• What you are asked to do
Copy out exactly the stretch below, from the line with "20 Intangible Measurements" through the line with "ABD'de İsrail Desteği", both included; the pictures stay out.

• Records provided

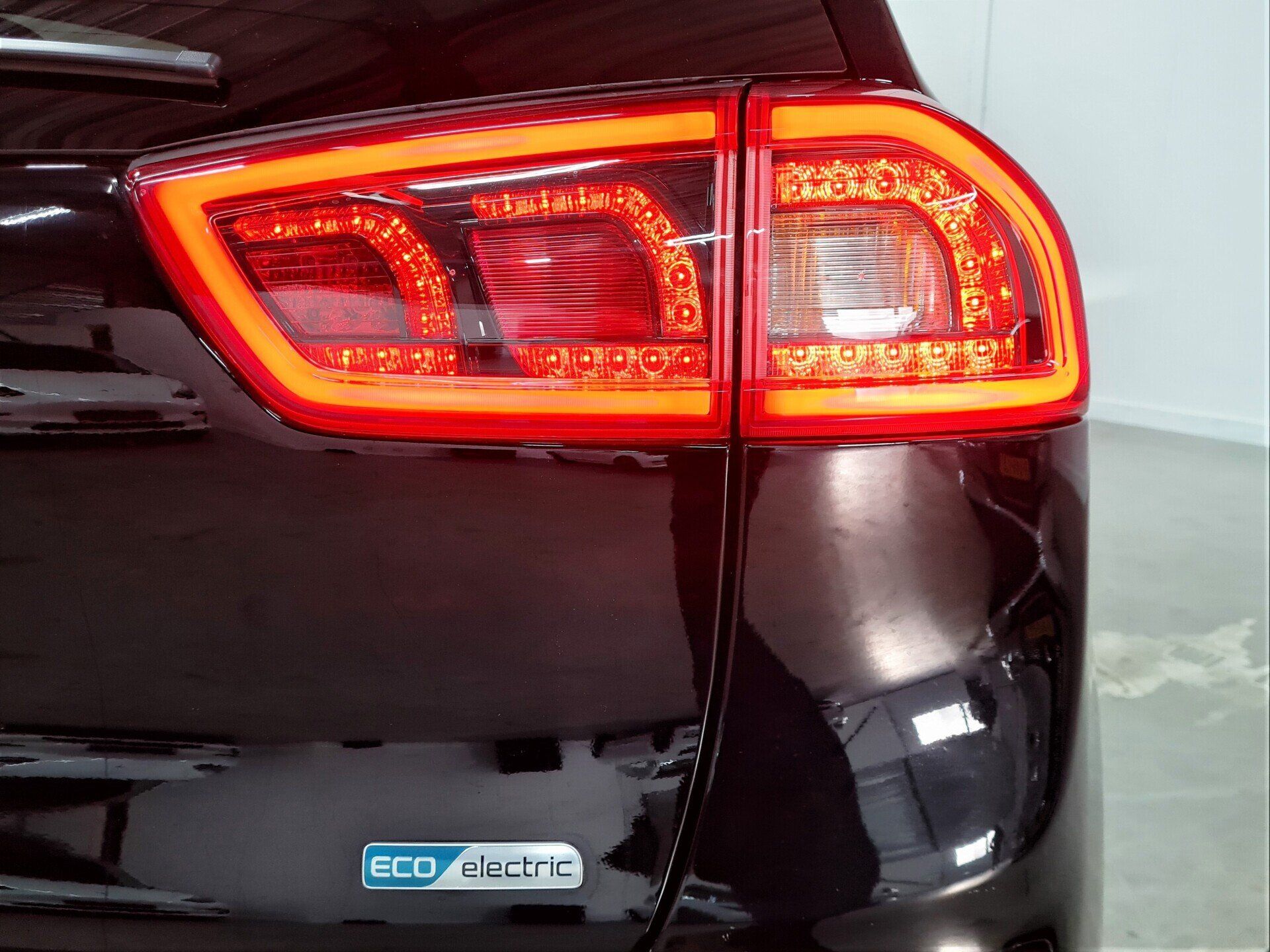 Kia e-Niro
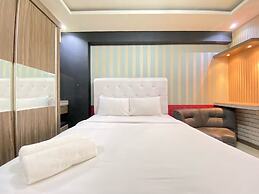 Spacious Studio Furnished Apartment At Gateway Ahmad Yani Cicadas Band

---

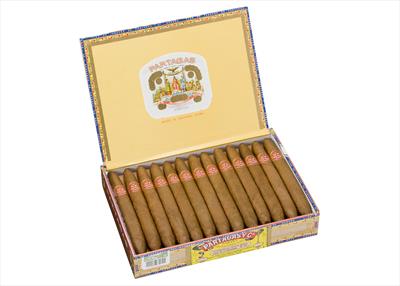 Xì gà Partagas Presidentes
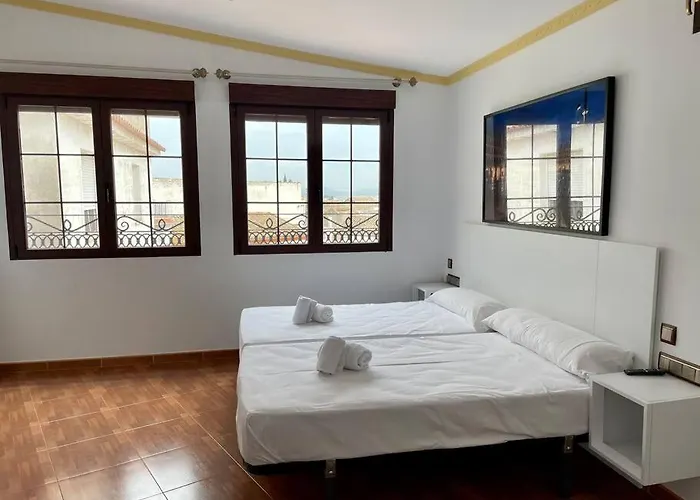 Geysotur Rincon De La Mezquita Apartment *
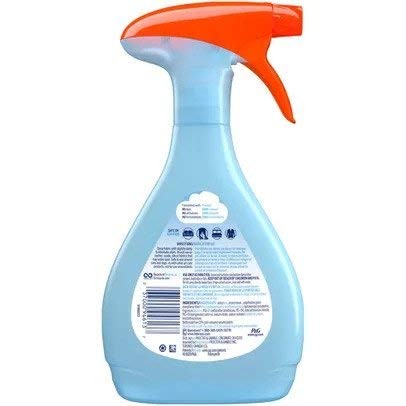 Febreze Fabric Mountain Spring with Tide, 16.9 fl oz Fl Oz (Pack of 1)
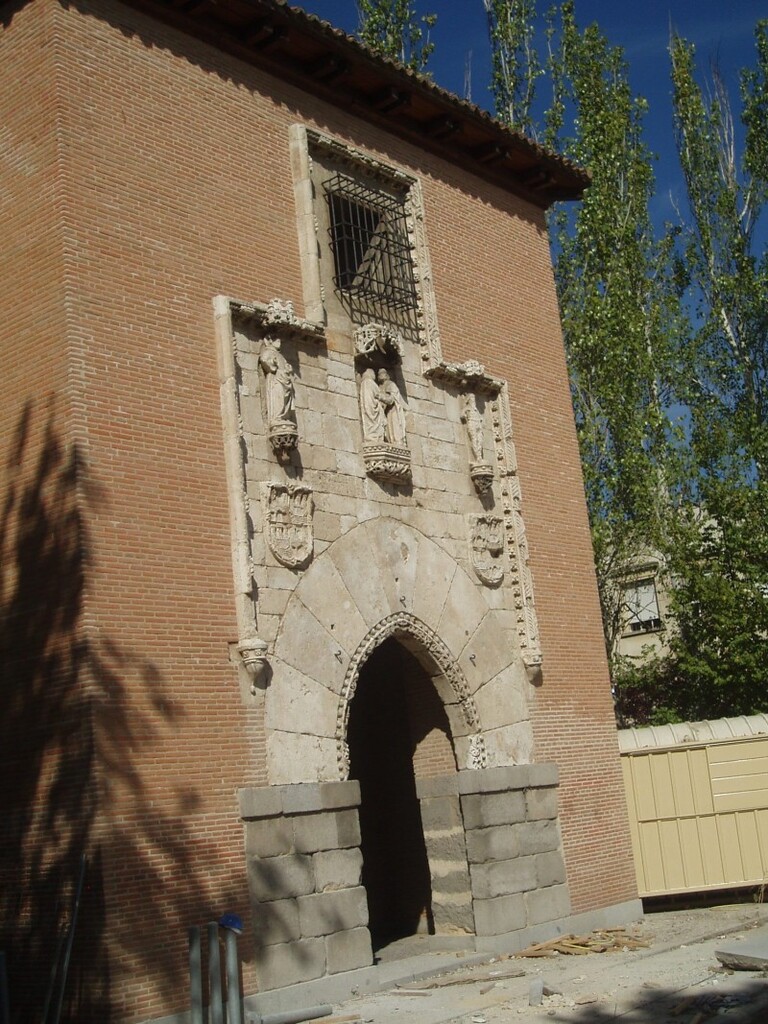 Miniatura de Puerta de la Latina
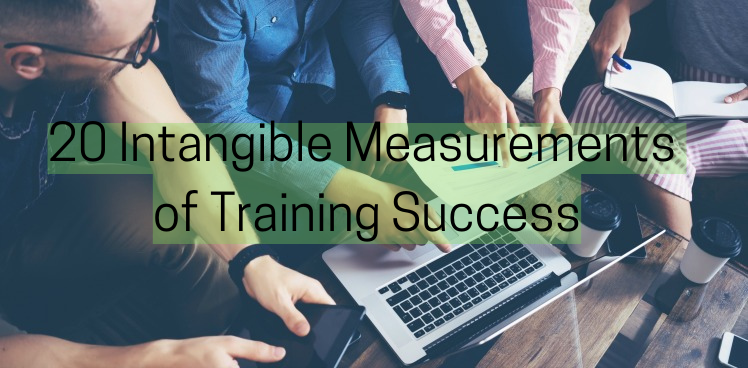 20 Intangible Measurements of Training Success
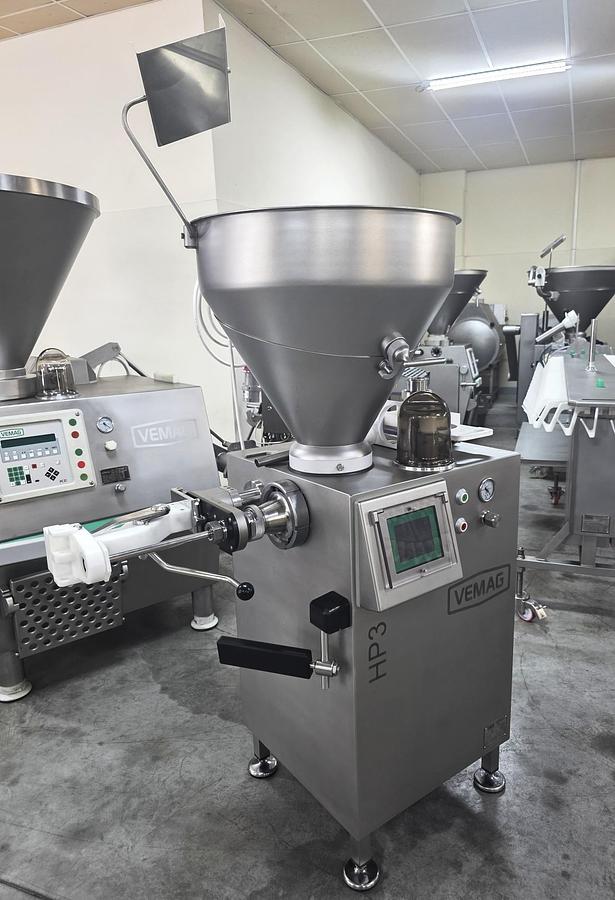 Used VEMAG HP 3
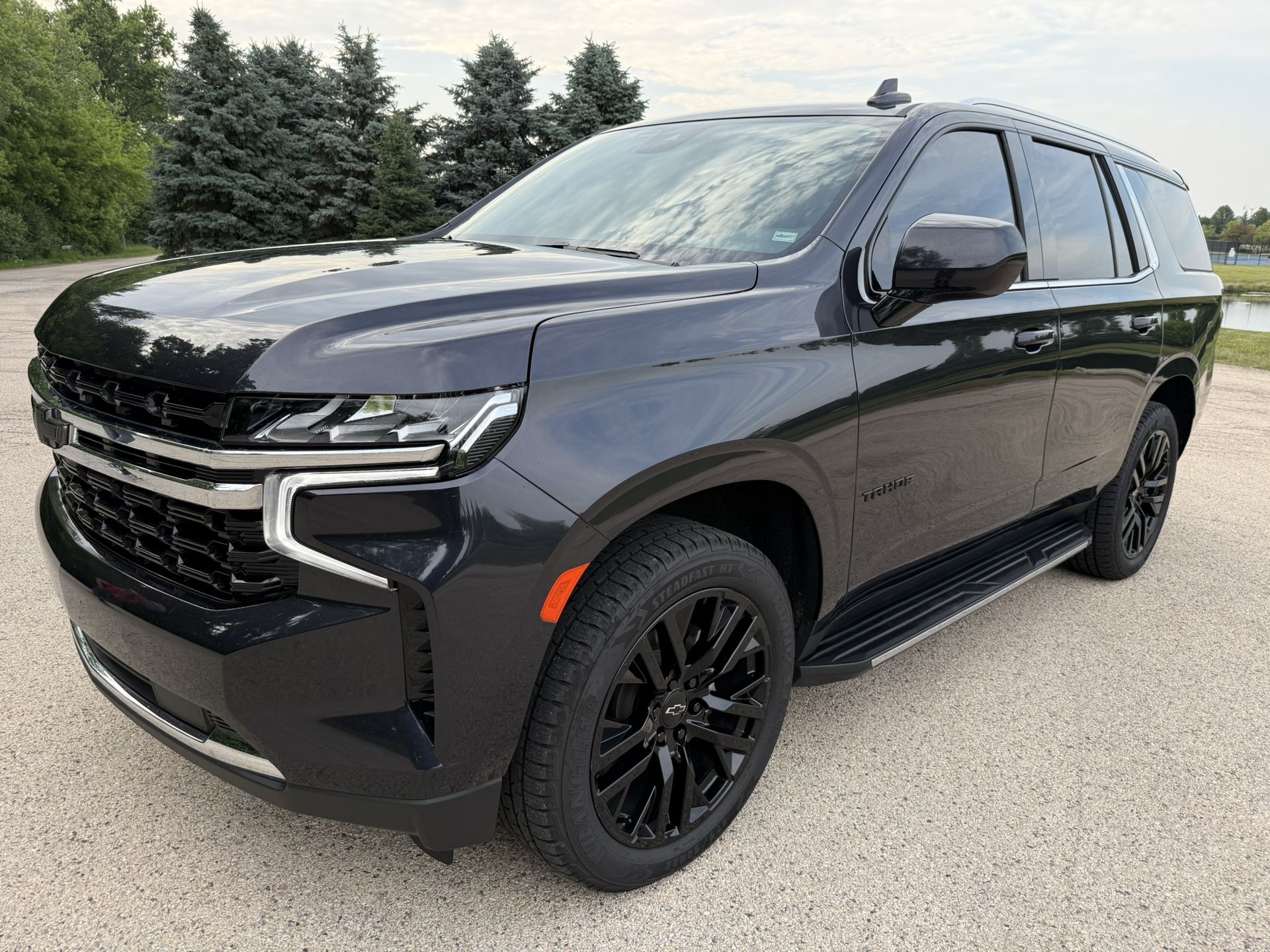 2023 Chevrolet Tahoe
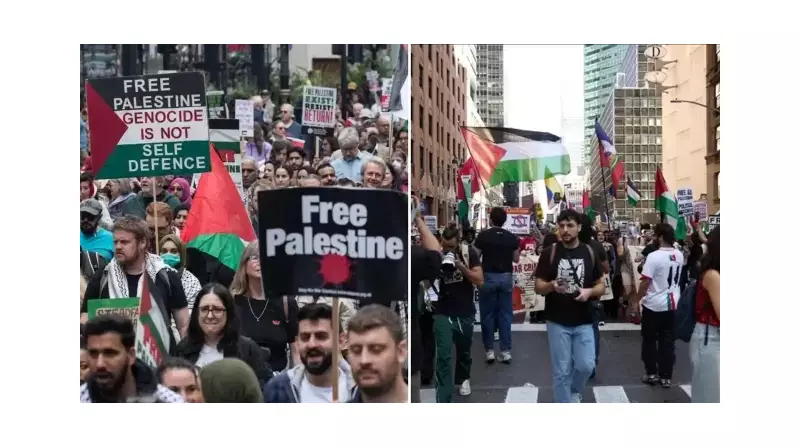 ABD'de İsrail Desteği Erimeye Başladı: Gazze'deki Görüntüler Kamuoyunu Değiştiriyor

--

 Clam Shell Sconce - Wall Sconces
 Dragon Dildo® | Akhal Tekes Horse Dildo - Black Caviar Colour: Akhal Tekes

• Solution to the problem
 20 Intangible Measurements of Training Success
 Used VEMAG HP 3
 2023 Chevrolet Tahoe
 ABD'de İsrail Desteği Erimeye Başladı: Gazze'deki Görüntüler Kamuoyunu Değiştiriyor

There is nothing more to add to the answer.